Which is better via= or delete? AManWithNoPlan (talk) 22:32, 2 September 2018 (UTC)

Delete, imo. (tJosve05a (c) 22:35, 2 September 2018 (UTC)
https://github.com/ms609/citation-bot/pull/773 AManWithNoPlan (talk) 23:32, 13 September 2018 (UTC)
{{fixed}} AManWithNoPlan (talk) 14:12, 20 September 2018 (UTC)

In CS1 templates (i.e. all but Template:Citation), remove postcript = .

Status
new bug
Reported by
Headbomb {t · c · p · b} 00:21, 5 September 2018 (UTC)
What should happen
[18]
Relevant diffs/links
It does literally nothing. Compare
with |postcript=.
without |postcript=.
We can't proceed until
Feedback from maintainers


What are your thoughts on remove empty |postcript= on {{citation}} also, since it does nothing? AManWithNoPlan (talk) 21:35, 8 September 2018 (UTC)

with |postcript=
without |postcript=
Code in progress https://github.com/ms609/citation-bot/pull/740 AManWithNoPlan (talk) 21:47, 8 September 2018 (UTC)
{{fixed}} AManWithNoPlan (talk) 14:12, 20 September 2018 (UTC)

Try and fix broken dois

In case a DOI does not resolve (i.e. is broken/inactive), check if the DOI has more than one forward-slash. If it does, remove the second and all content after it. Real example: 10.1111/ruso.12119/full to 10.1111/ruso.12119. If it resolves and gives matching metadata, replace the |doi= field. (tJosve05a (c) 01:49, 6 September 2018 (UTC)

Alternativly, find and match snippits such as /full and remove them, if at the end of a broken DOI. (tJosve05a (c) 01:50, 6 September 2018 (UTC)
https://github.com/ms609/citation-bot/pull/737 AManWithNoPlan (talk) 21:33, 8 September 2018 (UTC)
Same for /meta and /abstract. Headbomb {t · c · p · b} 13:41, 18 September 2018 (UTC)
{{fixed}} AManWithNoPlan (talk) 14:13, 20 September 2018 (UTC)

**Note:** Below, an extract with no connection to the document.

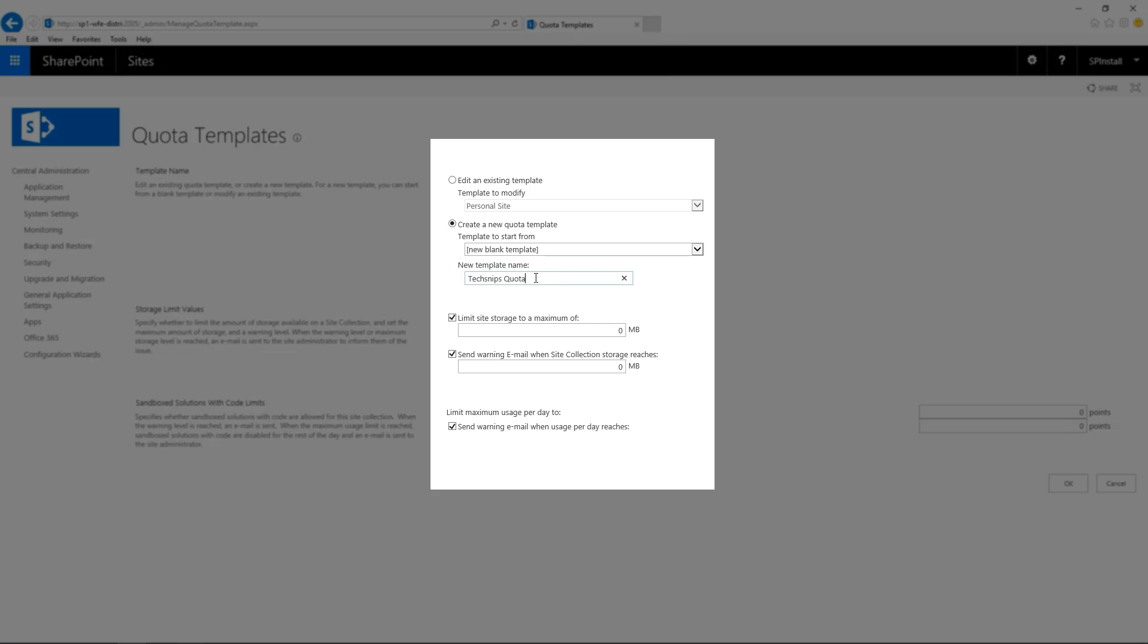Now let's give a maximum storage, 5 gigs. And you can also specify if you want to receive an email if the storage reaches a certain size. So usually 80% is a good number. So 80% of 5 gigs.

Don't remove PDF URLs simply because it has a DOI in its path

Should we really remove |url= simply because the URL has a known doi in it? I think if the URL is a PDF file, it is worth keeping since it is linking to the journal article directly (as open source). We don't always remove |url= when |doi= is present, only if that specific URL happens to have the DOI in its path. Either we should always delete the URL, or never in my own opinion, but if we should, we shouldn't do so when the URL is a PDF. (tJosve05a (c) 22:28, 27 August 2018 (UTC)

I'm not quite following the argument here; why is a PDF with a DOI in its URL any more likely to be open source than an HTML page with a DOI in its URL? Martin (Smith609 – Talk) 07:11, 28 August 2018 (UTC)
Sorry, my bad. Not open source - open access. If it is a PDF-link it most likely links directly to a freely available version, while the identifiers (such as DOI) might link to a paywall. (tJosve05a (c) 13:13, 28 August 2018 (UTC)
I'd be interested to see an example of a URL that contains a DOI where the DOI resolves to a paywall, but the URL leads to an open-access PDF. Martin (Smith609 – Talk) 06:00, 1 September 2018 (UTC)
I’m sure the Wikipedia:OABOT project has examples. (tJosve05a (c) 10:28, 1 September 2018 (UTC)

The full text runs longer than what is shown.